Protected area in South Australia

Newland Head Conservation Park is a protected area located in South Australia within the locality of Waitpinga on the southern coast of the Fleurieu Peninsula 91 km south of the centre of Adelaide, and 7 km southwest of Victor Harbor. Its name is taken from Newland Head that feature prominently at the eastern boundary of the park. The conservation park is classified as an IUCN Category III protected area.

The park features two long beaches, Waitpinga and Parsons, which are used by surfers and fishers, but are not suitable for swimming due to strong rips and hidden gutters. The park also features several walking trails, including part of the Heysen Trail.

==Camping==
The Waitpinga campground is the only campground available in the park.

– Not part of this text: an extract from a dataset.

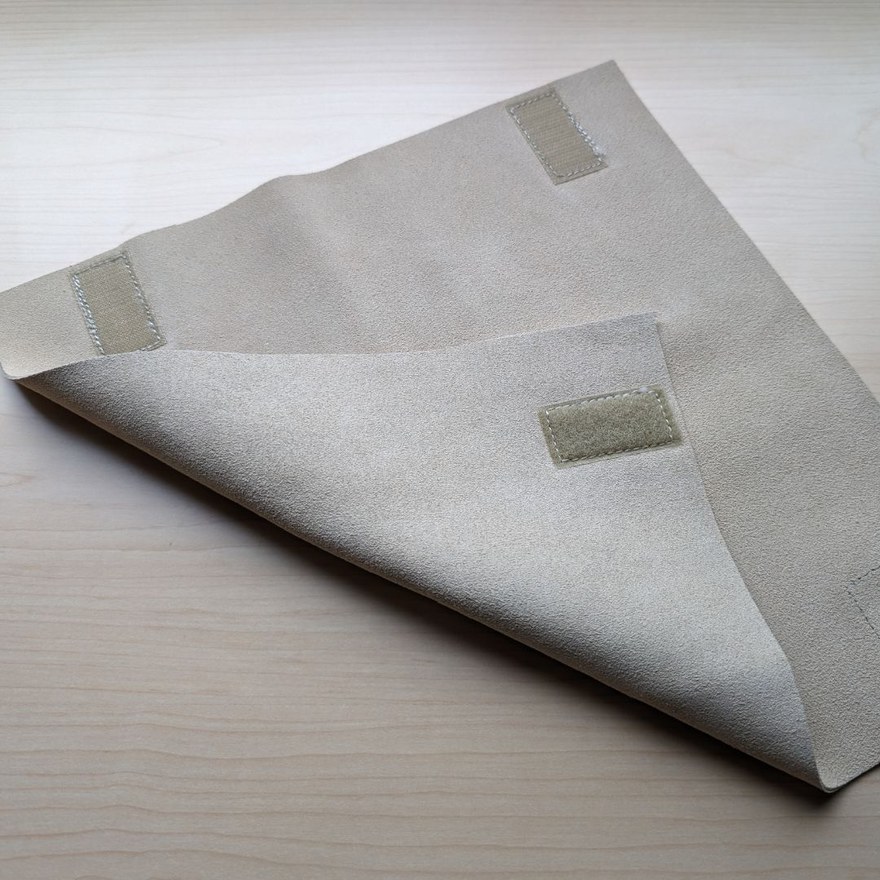 コラムガード ColumnGuard（natural）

It is situated 750 metres inland from Waitpinga Beach, sheltered from the sea breeze by large sand dunes (the Aboriginal meaning of Waitpinga is "Windy Place"). The campground features reasonably private individual sites surrounded by native vegetation including pink gums and wattle. Facilities include limited tank water, toilets, picnic areas and a communal barbecue area (including gas barbecues). Wood fires are not permitted at any time; gas or fuel stoves may be used. Camping fees apply.

A walking trail that traverses the sand dunes, and affords views of the Southern Ocean coastline, connects the campground and the beach. Other walking trails begin at the eastern end of the campground.

==Walking trails==
Several walking trails start from the eastern end of the Waitpinga campground. The following information is based on the Parks SA information sign displayed at the trail head:
- Ridgeway Hill Loop Hike. Flat trail crossing open mallee then through dense flowering understorey. A variety of birds can be seen in spring. Distance: 6.25 km return.
- Coastal Cliffs Loop Hike. Flat trail to the cliffs of Newland Head. Affords views of the Newland Head cliffs, the Southern Ocean and Kangaroo Island. Distance: 7.5 km return.
- Campground to Beach Hike. Distance: 750m.
- Heysen Trail. Distance: 12.25 km (within the park).

A lookout is located atop a large water tank 500 metres along the walking trail, east of the campground.